“Every mile is two in winter”, wrote the English poet, George Herbert. I couldn’t agree more. And if Georgie had lived in Canada and not England – where winter is pretty much over – he might’ve replaced two with three – or five.
At this point in February I’m fed the eff up with it. Like a lot of you, I’d guess – at least the you in the northern hemisphere. Of course for you lucky Antipodeans, it’s nothing but bonnie summer days.
I’m cleaning out the office this gloomy Saturday afternoon and got side-tracked flipping through an old photo album; one that belonged to my late Uncle Robert. I came across one gem that reminded me how lucky I am – or how lucky we are – to live when we do. It’s a photo of my father, William, probably taken with a Brownie camera around 1936. Scrawled on the original in my grandmother’s hand, “Bulwer school bus”.
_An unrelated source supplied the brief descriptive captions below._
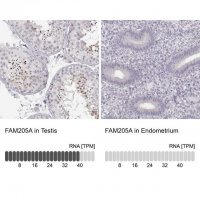 Anti-FAM205A antibody produced in rabbit 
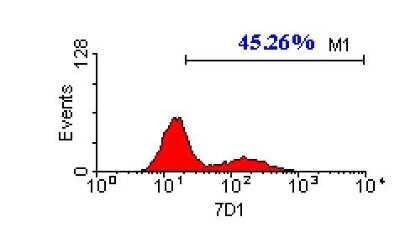 Flow Cytometry: CACNB3 Antibody (7D1) [NBP3-13514]
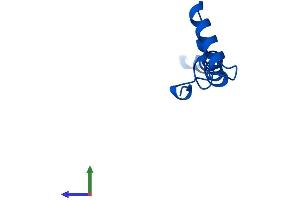 Protein Structure (PS) image for NADH Dehydrogenase (Ubiquinone) 1 alpha Subcomplex, 1, 7.5kDa (NDUFA1) (AA 1-70) protein (Fc Tag) (ABIN7549653)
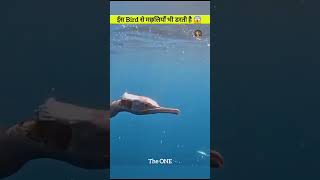 This Bird Is Dangerous For Fishes Cormorant Bird😱shortvideotrendingviralviralvideoshortsyt [upl. by Atelahs997]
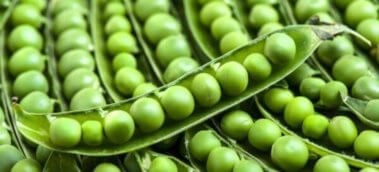 This Is Everything You Need to Know About Pea Protein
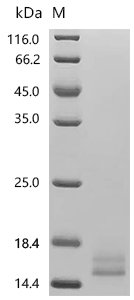 Human Platelet-derived growth factor subunit B (PDGFB) Recombinant Protein, C-10His, Homo sapiens (Human), Yeast, C-terminal 10xHis-tagged, 14.3 kDa, purity >≥ 95% as determined by SDS-PAGE.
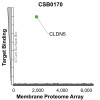 Membrane Proteome Specificity: The specificity of Claudin-5 Monoclonal Antibody (CSB0170) was tested on the Membrane Proteome Array™ and shown to be specific for human Claudin-5. The Membrane Proteome Array™ contains 6,000 different human membrane proteins, each expressed in unfixed human cells to ensure native conformation and post-translational modifications. The Membrane Proteome Array™ represents the industry standard for determining the binding specificity of antibodies and other protein ligands.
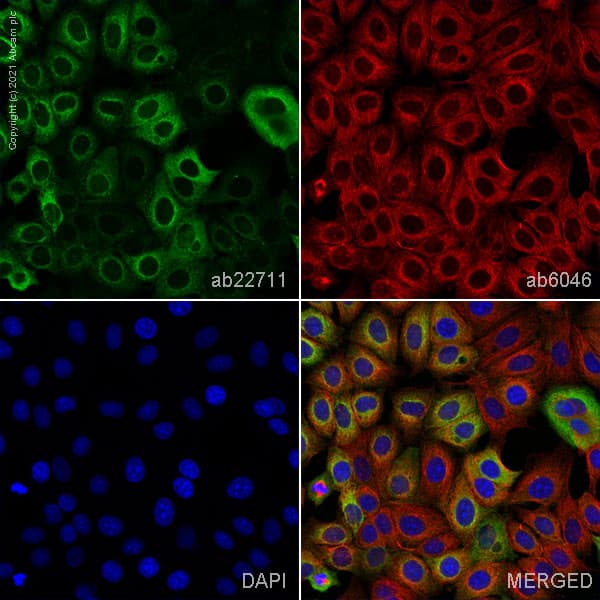 Muc1 Antibody Sm3 Ab22711  Immunocytochemistry Immunofluorescence Img166948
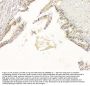 Anti-APP/C99 Antibody Picoband®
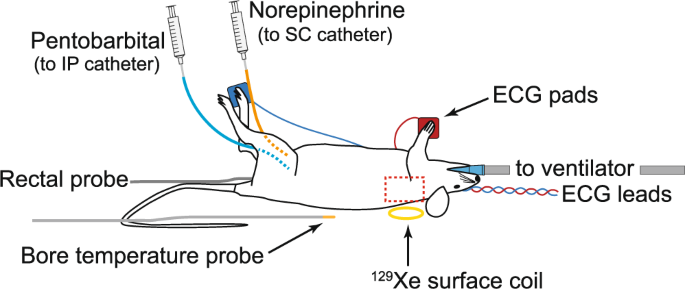 Direct Detection Of Brown Adipose Tissue Thermogenesis In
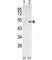 Cyclin A2 antibody, F50282-0.4ML, NSJ Bioreagents, Western Blot image 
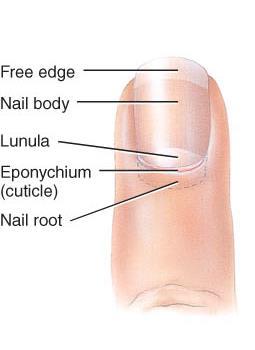 NAILS o Structure: Tightly packed keratinized cells; Parts: Nail body Nail root (Lunula is white due to thickened stratum basale)
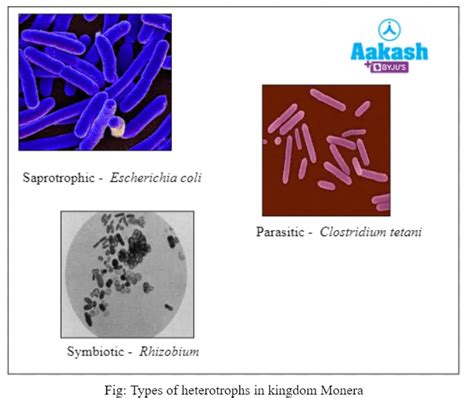 Examples Of Bacteria Kingdom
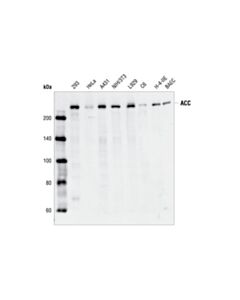 Cell Signaling Acetyl-Coa Carboxylase Antibody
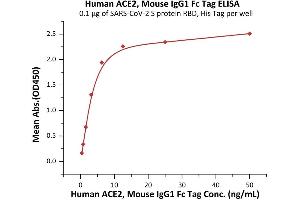 Immobilized SARS-CoV-2 S protein RBD, His Tag (ABIN6952628,ABIN6952651) at 1 μg/mL (100 μL/well) can bind Human ACE2, Mouse IgG1 Fc Tag (ABIN6972939) with a linear range of 0. (ACE2 Protein (AA 18-740) (mFc Tag))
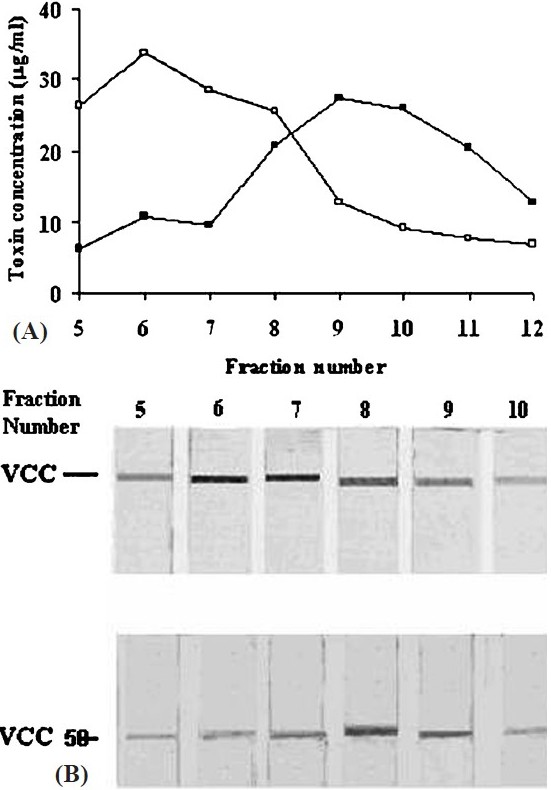 Size distribution of VCC and VCC50 micelles with rabbit erythrocyte membrane components and Triton X-100. Following incubation of the toxin with stroma at 25°C, the free toxins were removed by microfuging and the mixture was dispersed in 1 per cent Triton X-100 at 4°C. The suspension was fractionated on Sepharose CL-4B (30 × 0.7 cm) at 4° C. Fractions of 1 ml were collected and quantified for VCC (○) and VCC50 (●) by ELISA (A). Immunoblots of the fractions developed with rabbit anti-VCC antibody and goat anti-rabbit IgG conjugated to alkaline phosphatase are also shown (B).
Bulwer is a small farming community in Quebec’s Eastern Townships. My father’s family settled here in July 1929 after emmigrating from Scotland courtesy of a World War I veterans’ program (I can’t imagine it was called a “program” in those days).
Anyway, some school bus: a horse-drawn sledge!
It looks pretty, um, basic to me: there appears to be windows and, well, horses. And that’s about it. Brrrrrrrr. I guess it beat the one or two mile trudge in the snow from farm to school but the horse-drawn sledge reminds me that winter in rural Canada in the 1930s probably wasn’t all that cosy – or easy. It would’ve been very different, wouldn’t it?
No afternoons at the mall, or the “food court”, or the movies, or the PlayStation, or the Internet …
But, then, there was dashing through the snow.